Mother Flying With Daughter Sues Southwest After Being Accused of Trafficking

Mary MacCarthy and her 10-year-old daughter, Moira, had just deplaned at Denver International Airport when two Denver police officers met them at the gate, calling them by name and notifying them that they had been reported for suspicious behavior.

The mother and daughter had flown a Southwest Airlines flight to Denver for a funeral. Ms. MacCarthy’s brother had died suddenly the night before.

Unbeknown to Ms. MacCarthy, a flight attendant had suspected Ms. MacCarthy, who is white, of human trafficking, Ms. MacCarthy said in an interview Monday. Moira, her daughter, is Black.

The officers questioned them, Ms. MacCarthy said, adding that her daughter cried in her arms throughout the entire interaction. Ms. MacCarthy showed her driver’s license to the officers; they did not ask for identification for Moira, proving that they were related.

The incident occurred in October 2021, but Ms. MacCarthy filed a lawsuit last week in Federal District Court in Colorado against Southwest, alleging that the airline had intentionally racially discriminated against her family.

“I’ve been raising a biracial daughter for 10 years,” said Ms. MacCarthy, who is 44 and a single parent. “I know about racial profiling and I know that ‘suspicious’ is a code word for minority.”

Southwest Airlines declined to comment on the litigation. In a police report filed the day of the incident, a flight attendant made several claims to substantiate her belief that Ms. MacCarthy was a human trafficker. The flight attendant said that Ms. MacCarthy demanded she sit with her child and that she’d instructed her child not to speak to anyone. This wasn’t true, Ms. MacCarthy said on Monday.

Federal laws prohibit airlines from discriminating against passengers based on disability, race, color, national origin, sex, religion or ancestry. In February of this year, the month with latest publicly available data, 20 consumer complaints alleging discrimination by domestic airlines were filed with the Department of Transportation’s Office of Aviation Consumer Protection. In 2022, 118 discrimination complaints were filed, 7 percent more than the previous year’s complaints.

In recent years, reports of passengers who say they have experienced racial discrimination while flying have made headlines. In 2016, an economics professor at the University of Pennsylvania was working on math equations on an American Airlines flight when a seatmate thought he might be a terrorist and alerted flight attendants. That same year, a University of California Berkeley student was removed from a Southwest flight after speaking Arabic on a phone call.

In 2017, the N.A.A.C.P. issued an advisory against American Airlines noting a “corporate culture of racial insensitivity and possible racial bias” and cited three incidents in which Black passengers were removed from their flights, including one involving a passenger who questioned why her seat assignment had changed.
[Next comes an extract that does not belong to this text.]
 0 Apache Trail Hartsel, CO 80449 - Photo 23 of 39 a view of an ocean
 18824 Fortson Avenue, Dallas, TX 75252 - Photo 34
The advisory was lifted nine months later, after the airline made several changes, including instituting implicit bias training.

Several major domestic carriers, including Southwest, said they voluntarily provide nondiscrimination training to new hires. Airlines are not legally required to offer such training.

Airlines are used less than other forms of transportation for labor trafficking operations, according to a 2018 study of 127 human-trafficking victims by Polaris, a nonprofit anti-trafficking organization based in the United States. It found that 38 percent of study respondents said they traveled by plane during the time they were exploited. Airlines are in a “pivotal position” to identify possible trafficking situations, Polaris said in the study.

The report emphasized the importance of considering potential signs of human trafficking and not just relying on “superficial indicators” such as a traveler’s race or ethnicity.

Indicators of human trafficking on airlines could include clothing inappropriate for the climate, adults who aren’t handling their own identification and travel documents, and flights booked the same day with cash, according to the Polaris report.

A spokesperson for Southwest said that the airline offers an optional course on detecting potential signs of human trafficking.

Ms. MacCarthy said her goal with the lawsuit is to prevent the airline from perpetuating race-based profiling, which she said mixed-race families and people of color faced all too often.

“Racial differences are a physical reality, but there’s a big difference between that and a flight attendant who didn’t even ask if we had the same last name, let alone make any effort to get to know us,” Ms. MacCarthy said. “We have a lot of similarities.”